TASK TO COMPLETE: From the line that contains "Kitchen - 535" to the end of the entries, copy each line exactly, though the pictures stay out.

(Items listed in a dataset)

#####

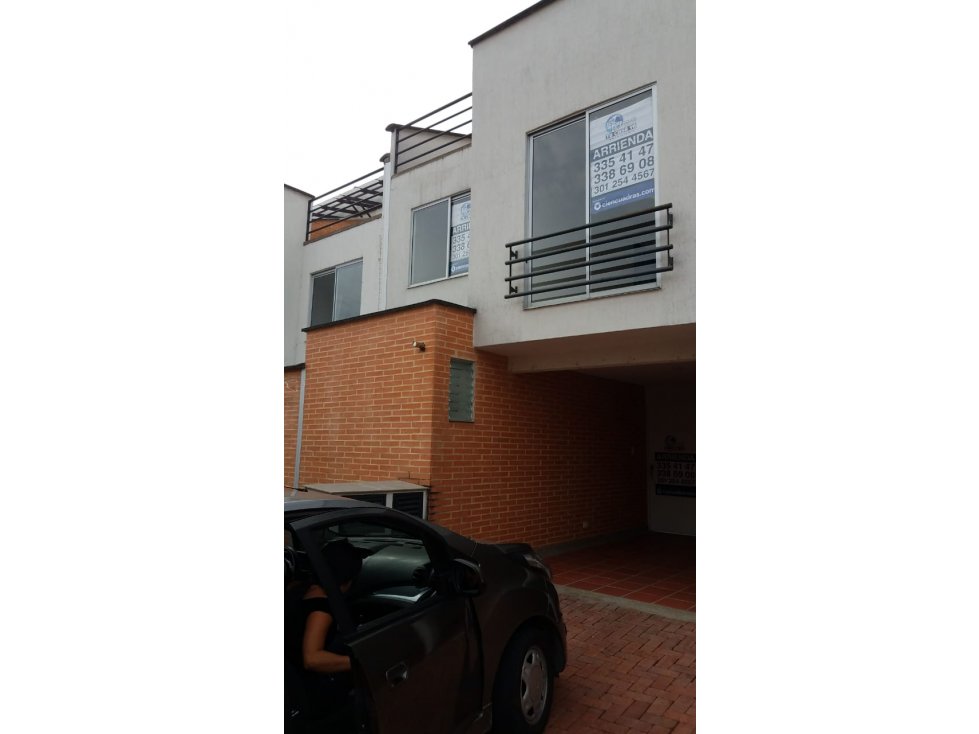 VENDO HERMOSA CASA EN LA VILLA OLIMPICA CON TERRAZA PEREIRA — foto 3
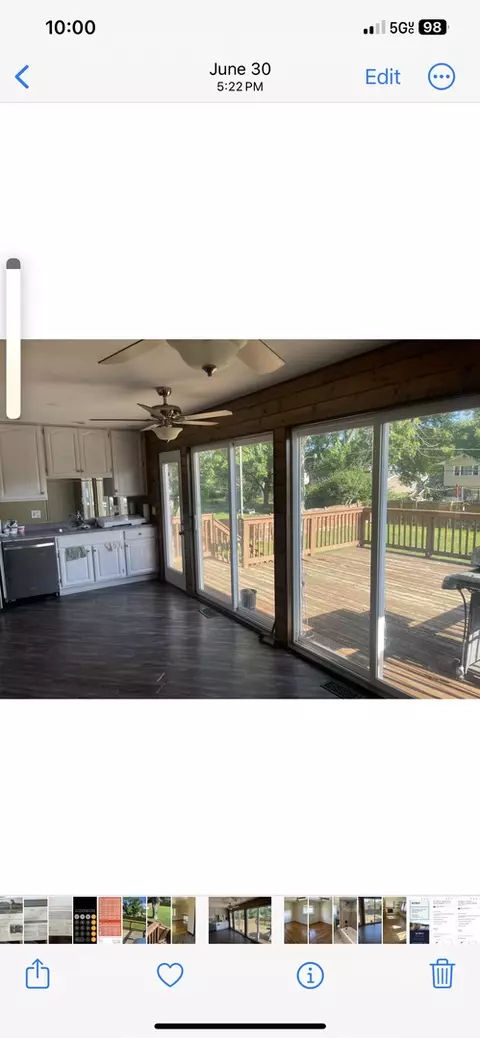 Kitchen - 535 Northview Ln, Hoffman Estates, IL 60169 photo 1 of 1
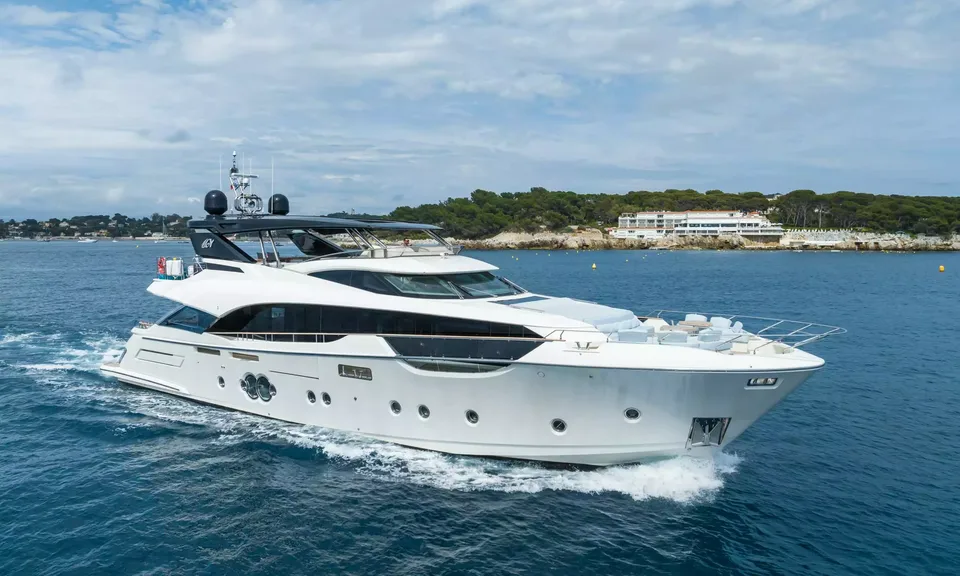 Rocco, 2021 Monte Carlo Yachts, photo 16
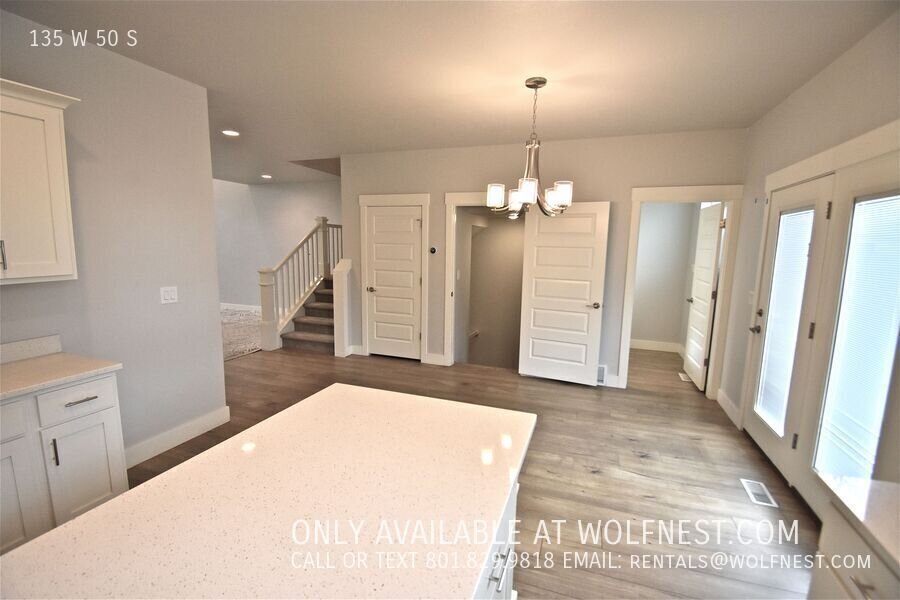 Gorgeous Farmington Townhome! NO DEPOSIT OPTION AVAILABLE! property image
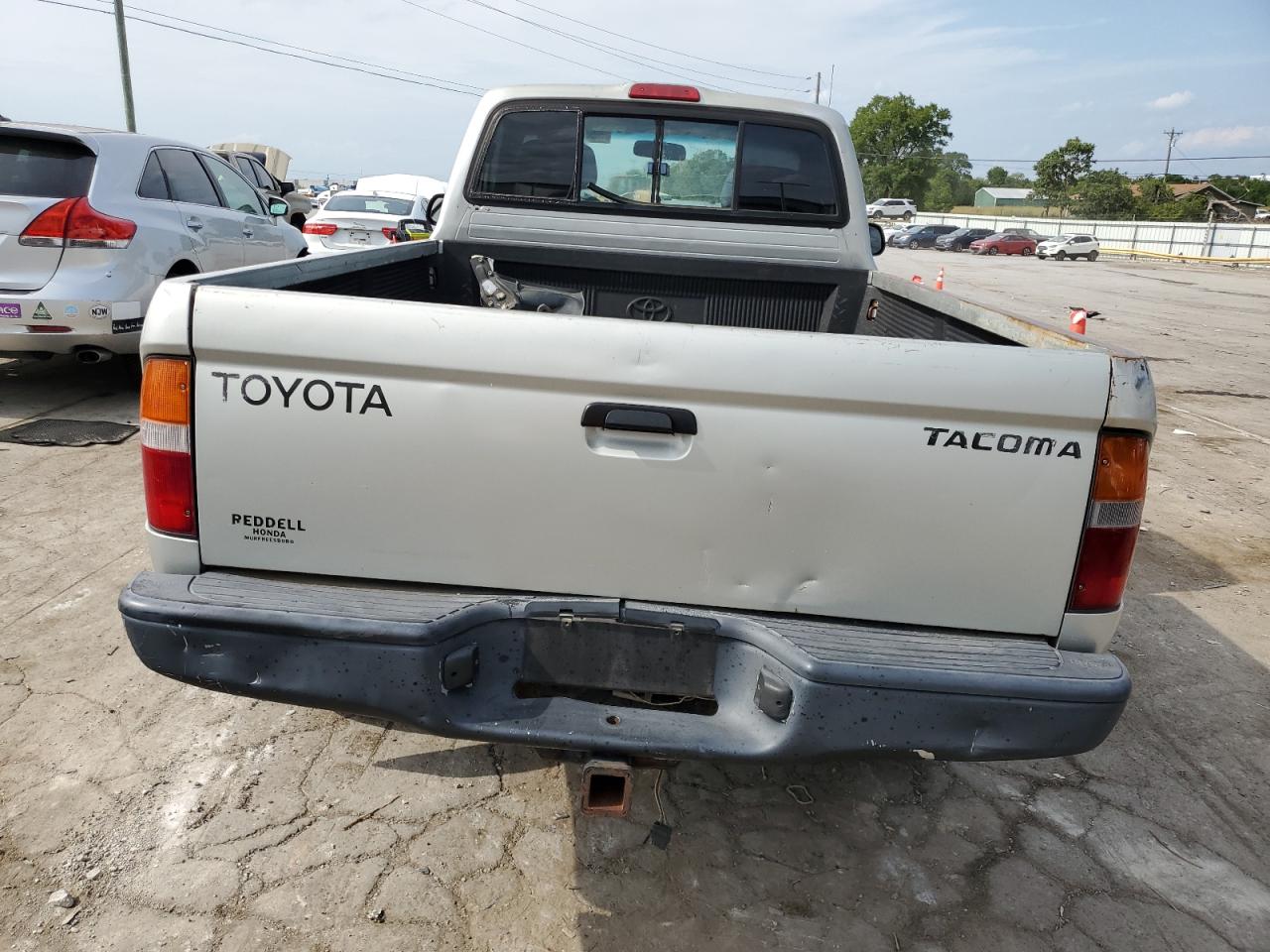 5TEPM62N1YZ693168 2000 Toyota Tacoma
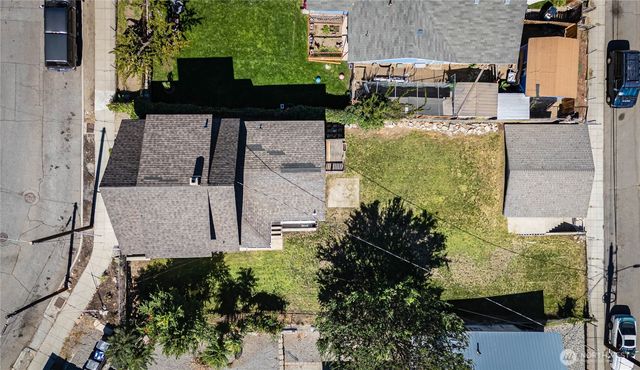 321 Malaga Avenue, Wenatchee, WA 98801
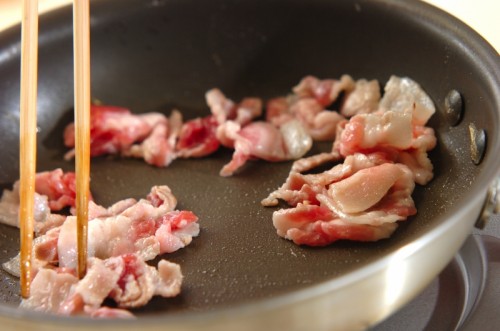 豚ニラキムチ卵炒めの作り方2
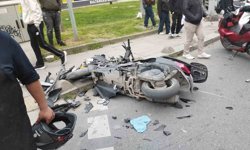 Sultangazi'de yasağı dinlemeyip dönmeye çalıştı, motosikletliye böyle çarptı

#####

WRITTEN REPLY:
 Kitchen - 535 Northview Ln, Hoffman Estates, IL 60169 photo 1 of 1
 Rocco, 2021 Monte Carlo Yachts, photo 16
 Gorgeous Farmington Townhome! NO DEPOSIT OPTION AVAILABLE! property image
 5TEPM62N1YZ693168 2000 Toyota Tacoma
 321 Malaga Avenue, Wenatchee, WA 98801
 豚ニラキムチ卵炒めの作り方2
 Sultangazi'de yasağı dinlemeyip dönmeye çalıştı, motosikletliye böyle çarptı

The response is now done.